Image-caption web data

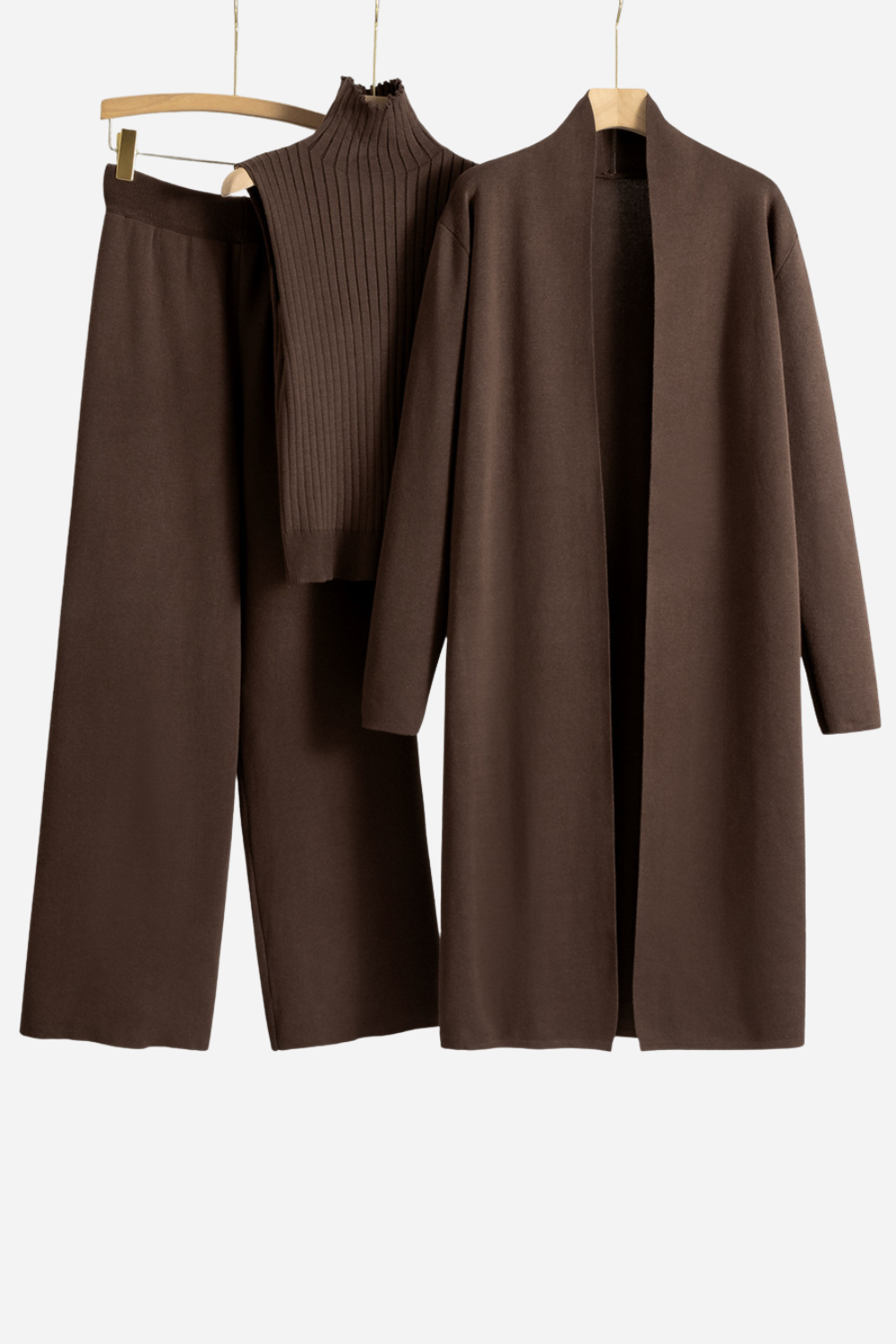 Brown / One size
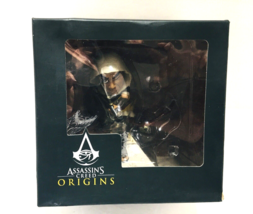 Loot Crate Assassin&#39;s Creed Origins Bayek Figure 2017 Exclusive New Unopened NIB - $33.25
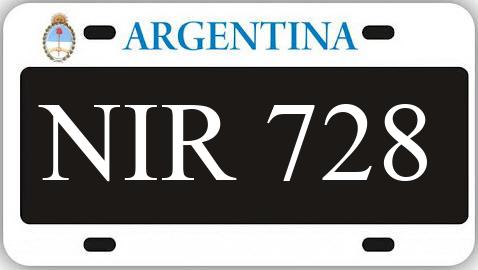 Patente NIR728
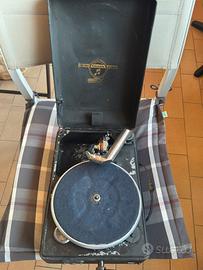 Grammofono Columbia Viva-Tonal Grafonola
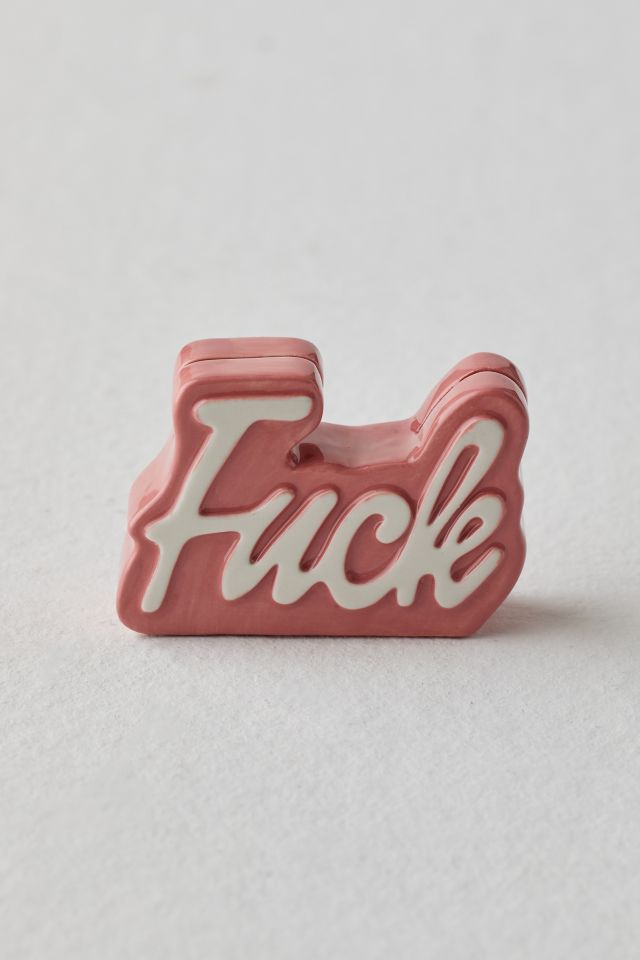 UO F*** Photo Stand #2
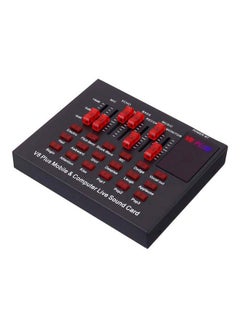 Kutis V8 Plus Bluetooth Live Sound Card  - Image 2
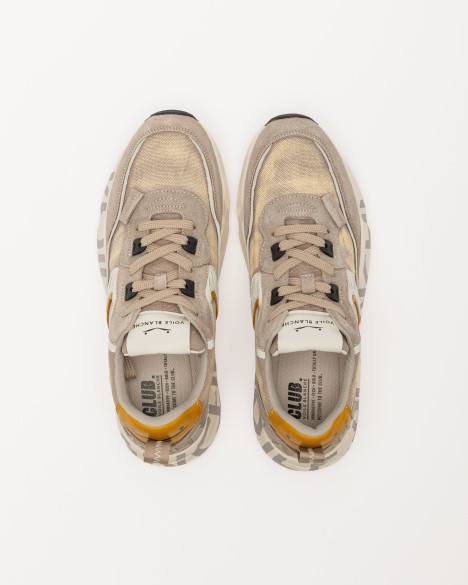 Sneakers Voile Blanche
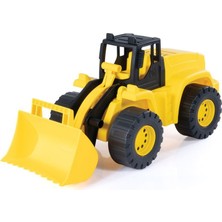 Uravas Store 7124 Xl Dozer -Dolu Oyuncak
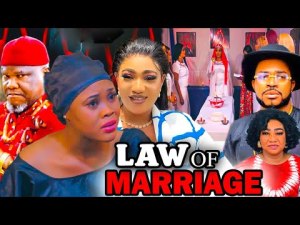 LAWS OF MARRIAGE (2023 New Movie) Queeneth Hilbert 2023 Latest Nigerian Nollywood Movies.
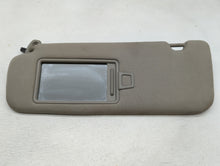 2015-2020 Kia Sedona Sun Visor Shade Replacement Driver Left Mirror Fits 2015 2016 2017 2018 2019 2020 OEM Used Auto Parts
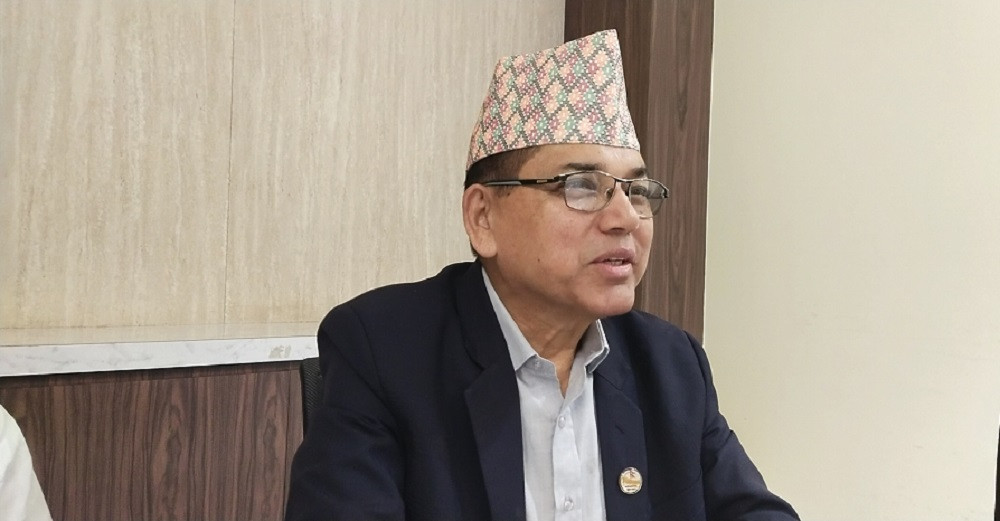 ‘मुलुकको अवस्थामा आमूल परिर्वतन देखिएको छ’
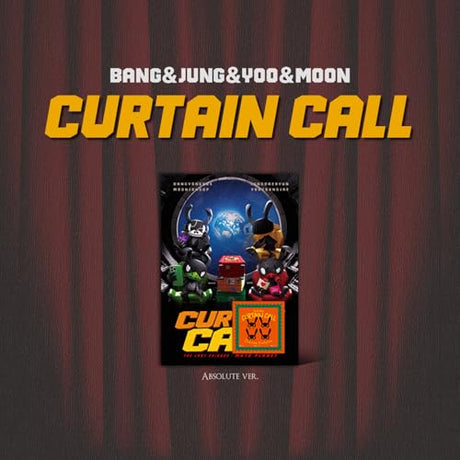 CURTAIN CALL (Absolute ver.) (CD)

**Assignment**
An exact restatement of the entries above is needed; no picture may appear in it.

**Problem solution**
 Brown / One size
 Loot Crate Assassin&#39;s Creed Origins Bayek Figure 2017 Exclusive New Unopened NIB - $33.25
 Patente NIR728
 Grammofono Columbia Viva-Tonal Grafonola
 UO F*** Photo Stand #2
 Kutis V8 Plus Bluetooth Live Sound Card  - Image 2
 Sneakers Voile Blanche
 Uravas Store 7124 Xl Dozer -Dolu Oyuncak
 LAWS OF MARRIAGE (2023 New Movie) Queeneth Hilbert 2023 Latest Nigerian Nollywood Movies.
 2015-2020 Kia Sedona Sun Visor Shade Replacement Driver Left Mirror Fits 2015 2016 2017 2018 2019 2020 OEM Used Auto Parts
 ‘मुलुकको अवस्थामा आमूल परिर्वतन देखिएको छ’
 CURTAIN CALL (Absolute ver.) (CD)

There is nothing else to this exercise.